In 1873, Colonel Slaughter moved his family to Dallas and a
few years later dissolved his partnership with his father. About 1877 he
established one of the largest ranches in West Texas, the Long S, on the
headwaters of the Colorado River and there grazed his cattle on the public
domain. Desirous of becoming a gentleman breeder, Lum purchased the Goodnight
Hereford herd in 1897 and the 1893 Chicago World's Fair grand champion bull,
Ancient Briton. In 1899 he acquired the famous Hereford bull Sir Bredwell for a
record $5,000.
C.C. Slaughter home, Dallas |
Through these purchases Slaughter's purebred Hereford herd
became one of the finest in the business. Around 1898 Slaughter undertook a
major land purchase in Cochran and Hockley counties. He bought 246,699 acres,
leased more, and established the Lazy S Ranch, which he stocked with his
Hereford herd and mixed breed cattle from the Long S and consigned to the
management of his eldest son.
In 1877, Slaughter helped organize the Northwest Texas
Cattle Raisers' Association (later the Texas and Southwestern Cattle Raisers
Association), for which he also served a term as president in 1885. He was the
first president of the National Beef Producers and Butchers Association in 1888,
an organization formed to combat market domination by the meat-packing
industry.
Frequently titled the "Cattle King of Texas,"
Slaughter became one of the country's largest individual owners of cattle and
land. By 1906, he owned over a million acres and 40,000 cattle and was the
largest individual taxpayer in Texas for years. For a time "Slaughter
Country" extended from a few miles north of Big Spring for 200 miles to
the New Mexico border west of Lubbock. By 1908–09, however, he opened his
Running Water and Long S Ranches to colonization and sale.
Hereford cattle |
Failure of the land company promoting colonization caused
much of the land to revert to his ownership by 1911. Under the management of
Jack Alley, it was restored to profitability by 1915. Slaughter maintained
strict control over his operations until 1910, when he suffered a broken hip
that crippled him for the remainder of his life, compounding problems caused by
his failing eyesight. He consequently turned the business over to his eldest
son, George.
In addition to ranching, Slaughter participated in banking
in Dallas where he helped organize City Bank in 1873 and invested in the bank's
reorganization as City National Bank in 1881. At that time he became its vice
president. In 1884 he helped establish the American National Bank, which
evolved by 1905 into the American Exchange National Bank (later First National
Bank). He was vice president from its organization until his death.
Slaughter was a Democrat and Baptist who contributed
two-thirds of the cost for the construction of the First Baptist Church in
Dallas and served as vice president of the Southern Baptist Convention, as
president of the state Mission Board from 1897–1903, and as an executive board
member of the Baptist General Convention of Texas from 1898–1911. His support
of a plan to retire the consolidated debt of seven Texas Baptist schools and
coordinate their activities into a system capped by Baylor University assured
its acceptance by the general convention in 1897.
C. C. Slaughter breaking ground for what would become Baylor Hospital in Dallas |
Slaughter also contributed generously to the establishment
of the Texas Baptist Memorial Sanitarium, which later became Baylor Hospital in
Dallas. This is especially interesting to me, as both our daughters were born
at Baylor Hospital in Dallas. He also contributed to the medical school and to
the Nurses Home and Training School.
Colonel Slaughter often summed up his philanthropic
philosophy saying, "I have prayed the Master to endow me with a hand to
get and a heart to give."
Slaughter established this Free Clinic for Minorities |
He died at his home in Dallas on 25 January 1919. However,
his death precipitated a tangled family financial scandal. Less than a week
after his death, his younger brother Bill, with whom he had had a long and
strained financial relationship but who managed the Long S, was accused of
fraud. Bill had attempted to sell his nephew Bob Slaughter’s new Western S
Ranch on the Rio Grande in Hudspeth County to an unknown company from Mexico.

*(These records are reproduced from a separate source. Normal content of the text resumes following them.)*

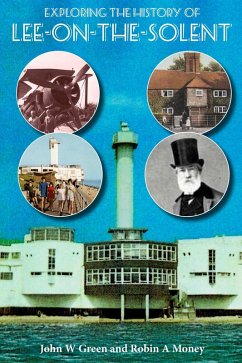 Exploring the History of Lee-on-the-Solent (eBook, ePUB) - Green, John W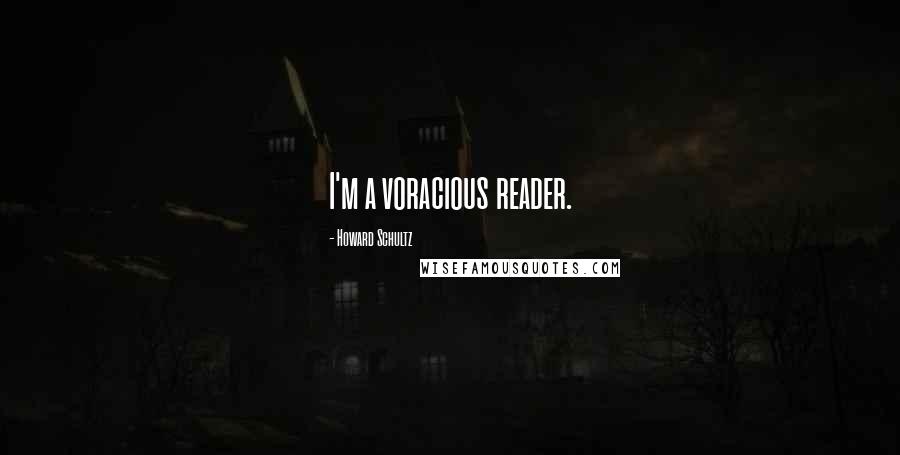 Howard Schultz Quotes: I'm a voracious reader.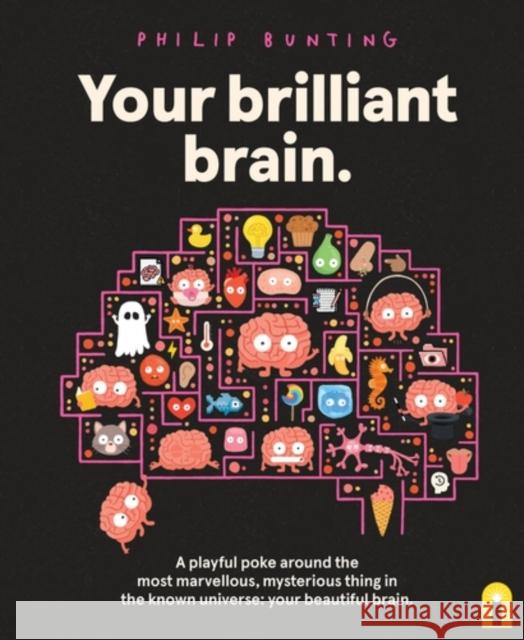 Your Brilliant Brain: A playful poke around the most marvellous, mysterious thing in the known universe: your beautiful brain Philip Bunting 9781761216183 Hardie Grant Children's Publishing - książka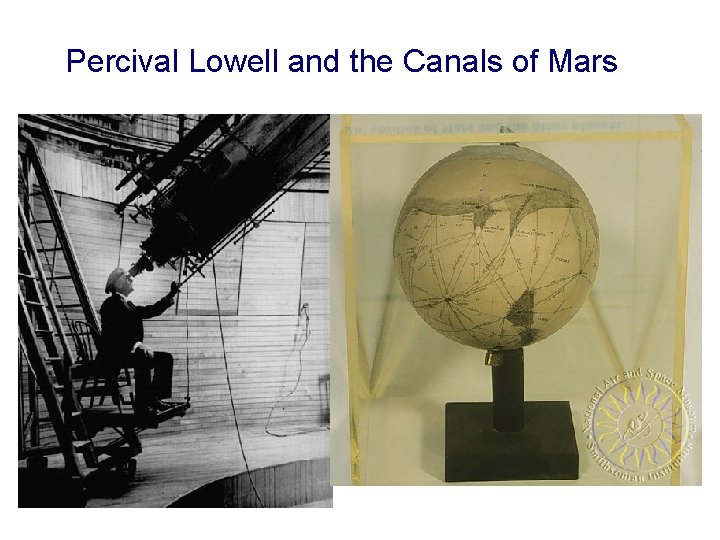 Percival Lowell and the Canals of Mars Percival Lowell and the Canals of Mars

C, C. Slaughter grave, Greenwood Cemetery, Dallas, Texas |
Learning of the fraudulent negotiations and backed by his brothers, Bob
confronted and fired his uncle. Although Bill Slaughter later filed a $3
million slander suit against his nephews, he apparently never collected
anything from it. Colonel Slaughter’s family continued to give to causes close
to the heart of C.C. Slaughter, and Baylor Hospital became one of many
testaments to his generosity.
Sunday, May 24, 2015
The Picture Perfect Kiss
www.laurirobinson.blogspot.com |
The post isn’t about the west, but I hope no one minds. While
in California earlier this month, I visited the Unconditional Surrender Statue
in San Diego. I knew of the ‘kiss’ but not the story behind it, which is worth
sharing. I hope you think so, too.
I need to note, there are several versions of the story, and
this is the one the Naval Institute (which is also part of the display in San
Diego) shared.
The famous 1945 photo wasn’t staged, nor did the two people
know each other. Matter of fact, the picture didn’t even become famous until
years later, and the two people didn’t even know about the picture until the
late 1970’s.
Greta Zimmer was a dental assistant (at the time they wore
the full ‘nurse garb’) in New York and on August 14, 1945 was at work as usual.

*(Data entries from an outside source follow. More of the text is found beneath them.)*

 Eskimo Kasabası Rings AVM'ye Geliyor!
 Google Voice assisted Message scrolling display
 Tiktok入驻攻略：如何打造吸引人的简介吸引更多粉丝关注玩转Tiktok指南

After dental patients coming into the clinic said the war had ended, during her
lunch break, Greta went down to Time’s Square to read the news herself on the lighted
Times news zipper in the windows on
the third story of their building.
That same day, George Mendonsa was looking forward to spending
his last day before being shipped out again with his new girlfriend, Rita. Because
Rita liked how he looked in it, George wore his uniform to take Rita to a
matinee that afternoon. Shortly after it began, the show was interrupted by the
announcement the war had ended.
George and Rita left the movie theatre and hurried to Times
Square, where a multitude of people had gathered, reading the same lighted
message as Greta. Gaiety overtook the entire area, and people rushed into ‘water
holes’ where shot glasses of whiskey were passed out in celebration. George
tossed back more than one glass in his excitement. Jubilant, he rushed back out
into the crowd, and there, amongst the mass, he saw an angel. He remembered a
time when he’d rescued maimed sailors from a burning ship, and how the nurses,
angels in white, took care of them afterwards.
In the heat of the moment, George rushed to Greta and without
asking permission, kissed her.
Greta’s first response was defense (in some photos—several
were taken by other people besides the Life
magazine reporter—her hand is clenched in a fist and rising). Perhaps because she
understood George had no intention of hurting her, she surrendered to the kiss.
Afterwards, without a word, Greta and George parted. George did
offer Rita, who had watched the kiss from the sidelines, an apology for what
had happened, but she had no objections. Greta simply returned to work. Little
did they know that Alfred Eisenstaedt, a Life magazine photographer, had snapped
four photos of them. One which would become his most famous photograph, Life
magazines most reproduced, and one of the most popular photos of the 20’s
century.
Years later, when the photo gained popularity, a search for
the identities of the nurse and the sailor had several people coming forward,
claiming it was them. Neither George nor Greta knew about the photo until
contacted. George and Rita (who had been married several years then) recognized
the photo because of Rita in the background, and Greta recognized herself
because of how straight the seams where in her stockings, she took extra care
in assuring they were always perfectly straight.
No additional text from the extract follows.